Girls Hand Clapping. Licensed under Creative Commons.

Girls Hand Clapping. Licensed under Creative Commons.

Yesterday I posted about how making music together was great for social learning. Music is inherently social, but there are ways to make the music itself social! So, here’s the challenge: have an exclusively musical dialogue with your little music-makers!

Just a warning: some children will rebel against this idea, so it may take many attempts to get them used to the idea of conversing with you musically. Find the way they are most comfortable expressing themselves musically. For one child that may be through movement and dance, another with instruments, another with chanting, and yet another with singing. Keep at it until you find what works. This is a great exercise in working around individual differences, a skill that is useful for all those early childhood battles, like potty training.

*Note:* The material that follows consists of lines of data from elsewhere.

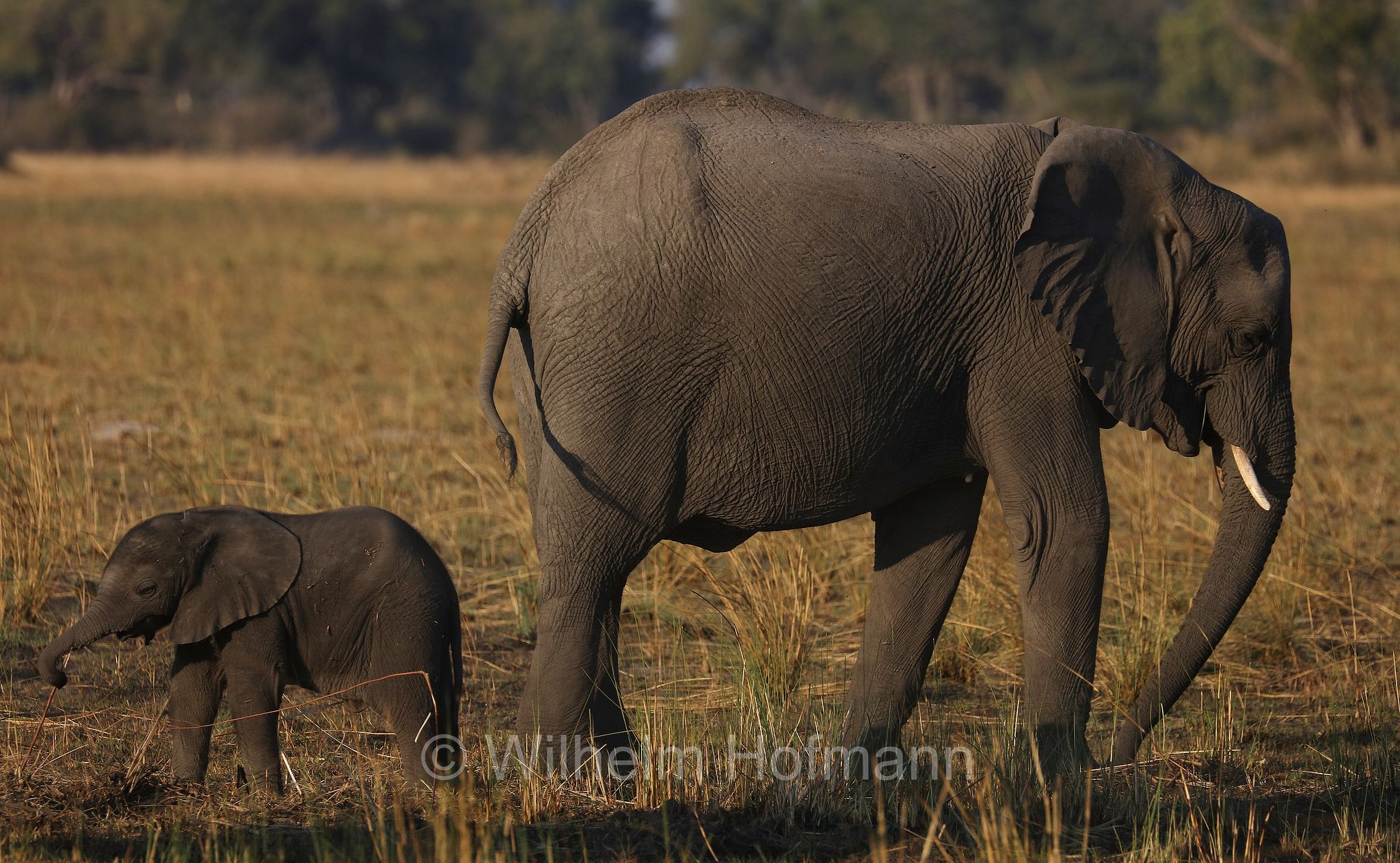 African bush elephant, African savanna elephant, Afrikanischer Elefant, Afrikanischer Buschelefant, Afrikanischer Savannenelefant, Afrikanischer Steppenelefant, elefanto africano, elefanto africano di savana, Moremi Game Reserve, Moremi-Wildreservat, Okavango Delta, Okavango Grassland, Botswana, Republik Botsuana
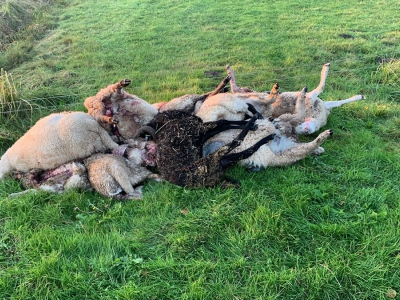 Schapen doodgebeten in de Hierdense Mheenlanden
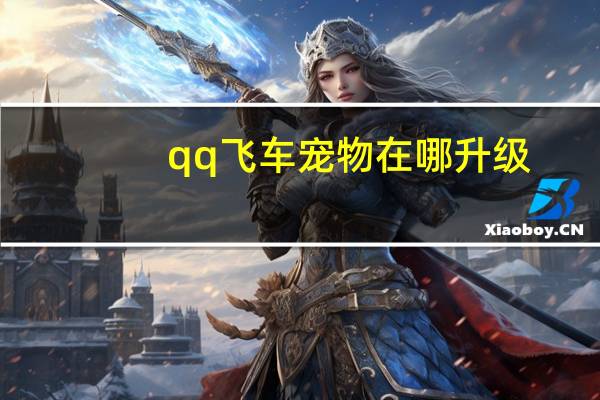 qq飞车宠物在哪升级
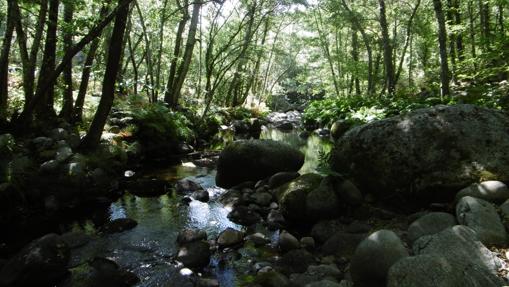 Reserva Natural Fluvial del río Francia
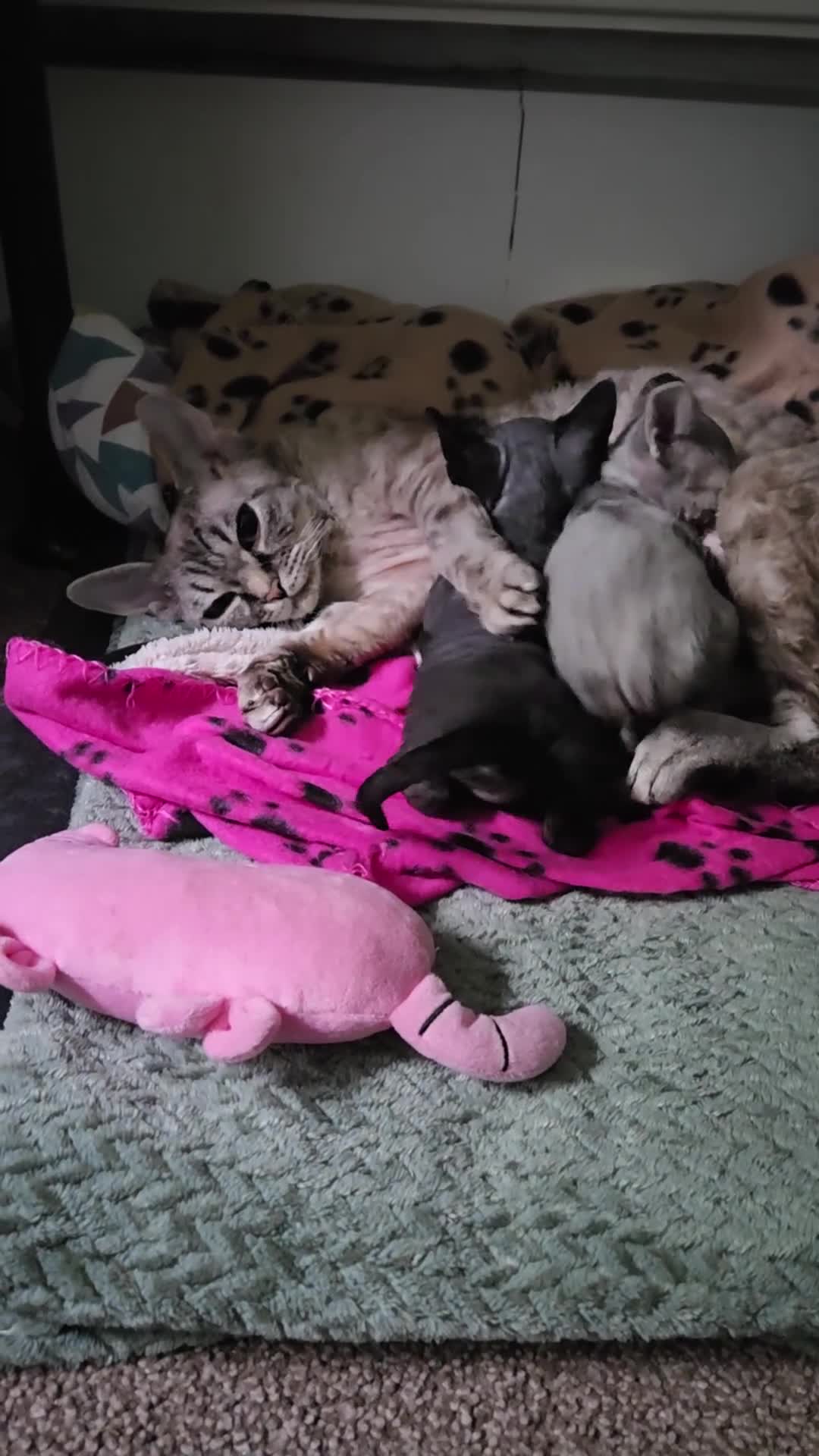 Devon Rex cats for sale: Beautiful Devon Rex Kittens 💛 - Video 5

You can use this rhyme from the James T. Callow Folklore Archive, which has been modified for this purpose.

My mother, your mother
Lives across the way
Every night they have a chat
And this is what they say*

After the introduction rhythm, you can make up a chant, a rhyme, or melody and then the child can respond. Often, children will mimic exactly what you do, which is ok. Encourage them to make up something different. You’ll find as they grow older they have more musical ideas to choose from.

In my experience, sometimes children will refuse to respond “musically” -probably out of discomfort or embarrassment- but I have yet to see a child (or adult!) give a musical response that was inappropriate. For instance, in the audio examples above, I’ll chant the rhyme in its original duple (think “in two,” like a march) meter, then in triple (think “in three,” like a waltz). Once the meter is established, a child with enough musical experience in duple or triple will tend to stick with the meter provided. Their response may be longer or shorter than yours, and that’s ok, too.

You can be creative and change the words to suit musical movement instead of dialogue, with “every night they hang their clothes and this is what they do.” Instrumental improvisation, with “have a jam,” or even silly improvisation with “my doggy, your doggy…” You could go so far as to try to sing it in different tonalities, also. The possibilities are endless.

Let me know how your musical dialogue goes and how you found how your little ones were most comfortable improvising!

*I first came across this rhyme used to start improvisation at a workshop given by Wendy Valerio, so credit goes to her for the original idea! It’s just too good not to share!